= Problem requirements =
In the records below, find the line with "Greek Lasagna" and repeat exactly every line from it through the line with "Used 2018 Mercedes-Benz SLC 43 AMG image 21". Pictures stay out.

= Material shown =
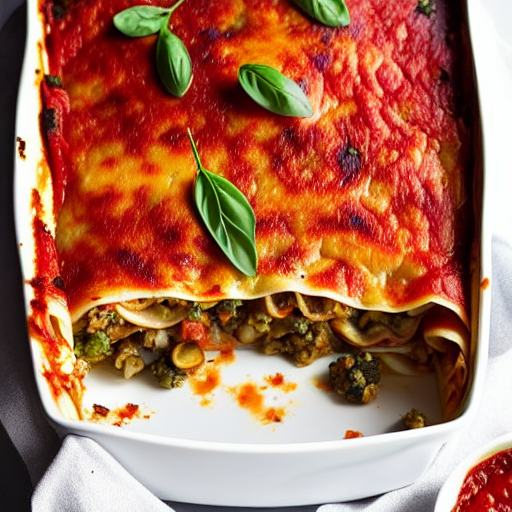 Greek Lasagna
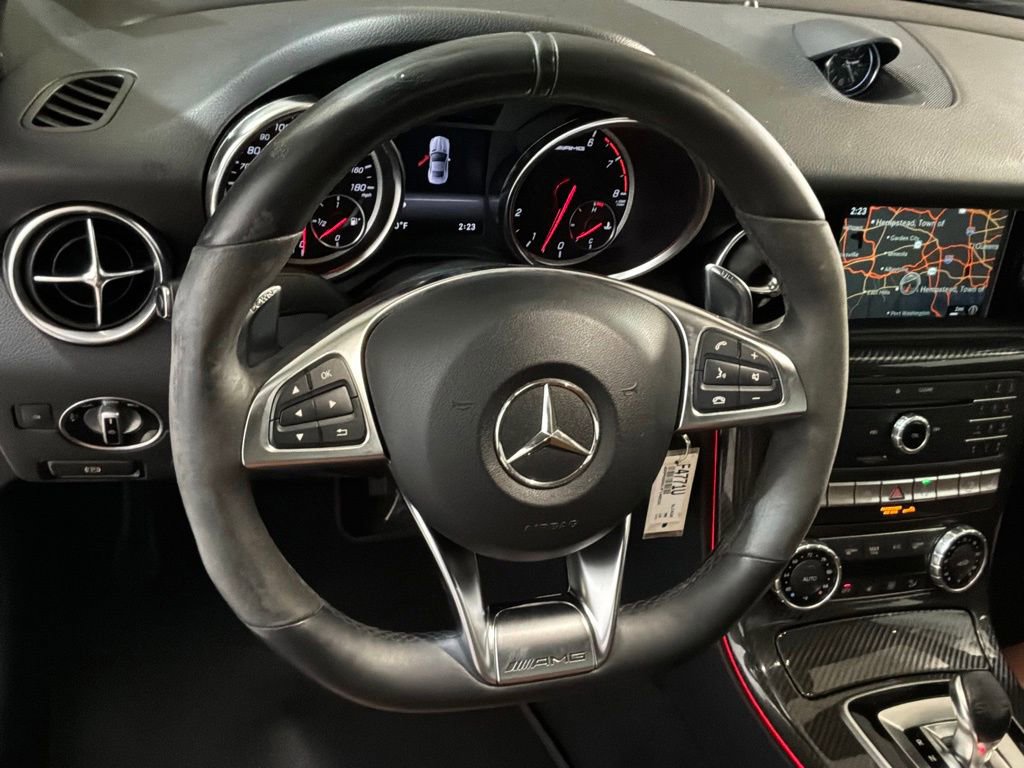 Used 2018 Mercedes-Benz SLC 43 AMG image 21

...

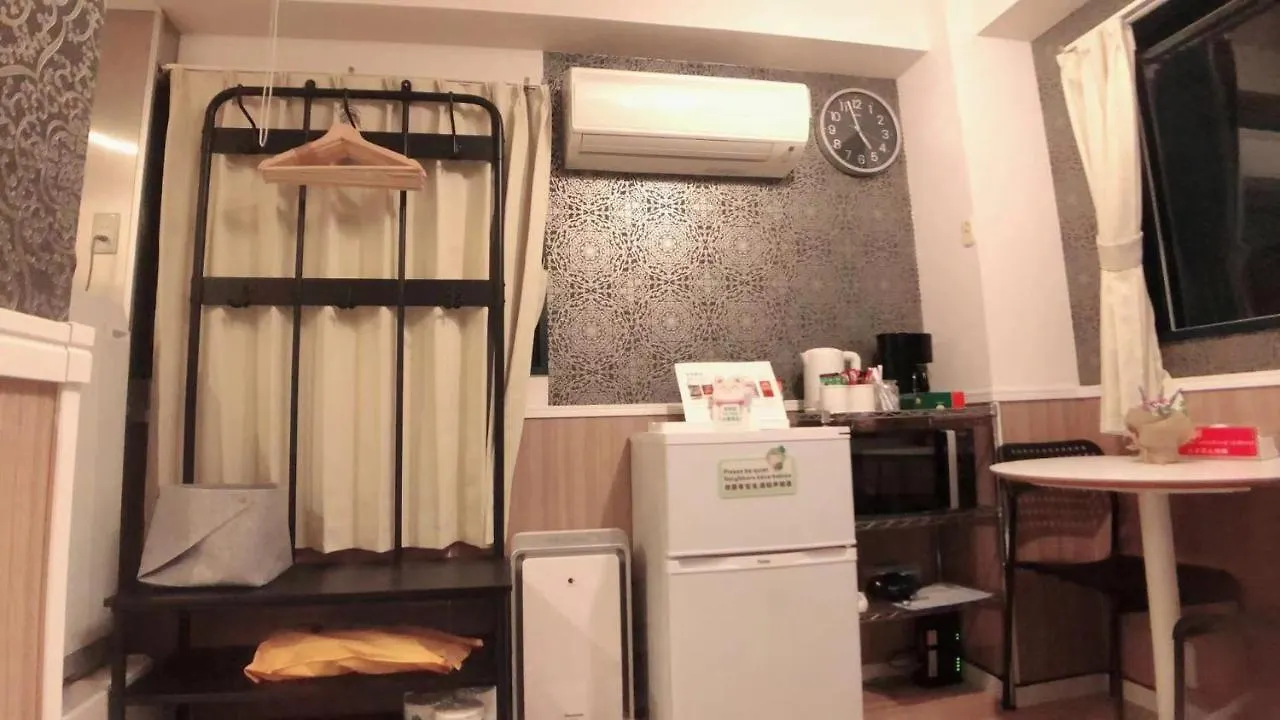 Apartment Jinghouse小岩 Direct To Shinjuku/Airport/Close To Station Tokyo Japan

= Reply to the exercise =
 Greek Lasagna
 Used 2018 Mercedes-Benz SLC 43 AMG image 21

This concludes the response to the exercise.